Arches National Park is not really known for its forests or its trees. In fact you can walk a good long way and not see a single one. But when you do it is a marvelous surprise. To see the strong dark trunks rising up out of the arid plain, limbs with their lime green leaves in the spring, bright riotous yellow in the fall, is more than a special sight in this water-less, some say desolate place. It is nearly miraculous.
Although the deep earth tones of the sand and rocks are beautiful in their own way, the addition of these brightly colored wonders make them even more so by the contrast between one lifestyle and another. The hot enduring reds of the cliff faces, the firmly grounded tans with its shimmering heat waves rising up towards the heavens, the occasional dusty burst of color from a flower are the mainstay of this country, but there is always the special place hidden in a shadowed arroyo where water flows slowly and fitfully under the ground and in rare miraculous occurrences on top of it, that allow the trees, especially the cottonwoods to grow and survive, when by the look of the place they shouldn’t be here at all.

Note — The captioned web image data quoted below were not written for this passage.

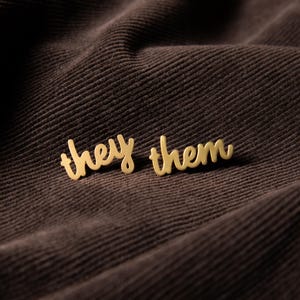 May include: A pair of gold-toned metal stud earrings featuring the words they and them written in a cursive script font. The earrings are separate pieces, with one displaying the word they and the other displaying the word them in lowercase.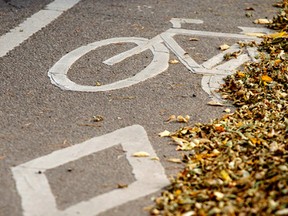 Now you see them, now you don't? A bike lane sign is seen on 106 Street southbound at 70 Avenue in Edmonton, Alta., on Saturday, Oct. 11, 2014. City council is now reconsidering how bike lanes are picked and constructed around the city. Ian Kucerak/Edmonton Sun/ QMI Agency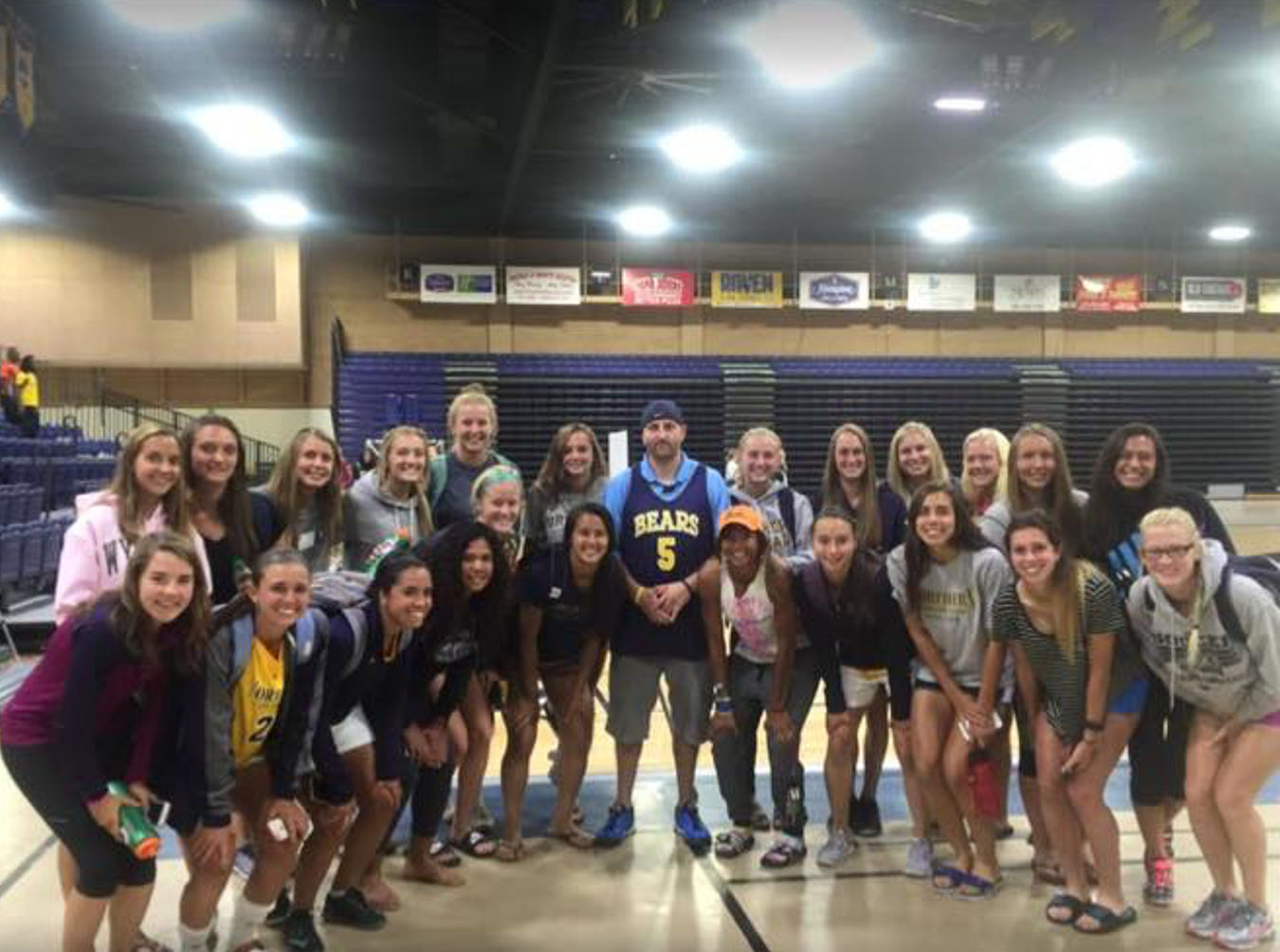 Ethan Fisher with Women's Soccer Team
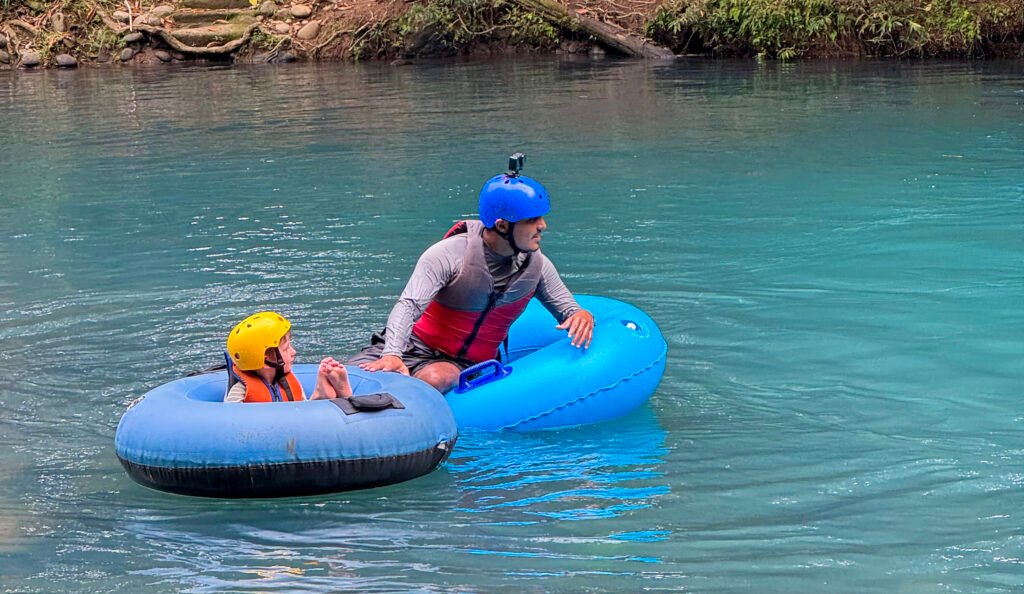 Guides always attentive to kids in Tubing Rio Celeste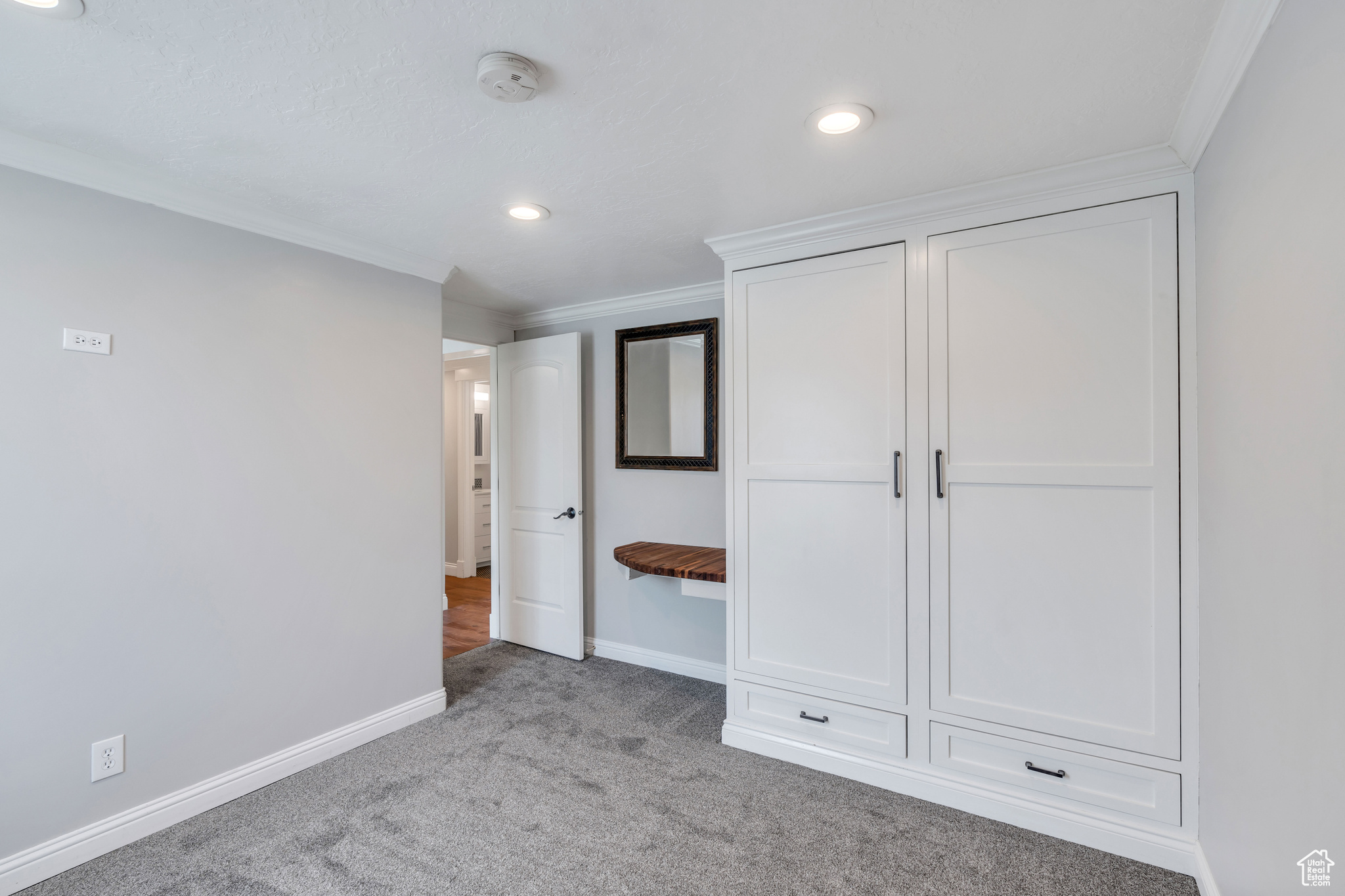Unfurnished bedroom featuring carpet floors and crown molding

Such is the case with this image taken in late October in Arches National Park. For the high desert it is cool now, the water coursing along beneath the earth as it has been too hot earlier for it to flow on the surface. The sun has been kinder the last few weeks and the trees noticing, have changed their colors to prepare for winter when all things except the wind and snow and occasional jackrabbit and the coyote following it, stop, and it is quiet and still throughout the dark days and nights of that long season until the warmth of Spring returns and the cycle begins again. But that is still a time in the future, right now when yellow trees shine brightly it is a good time to be alive.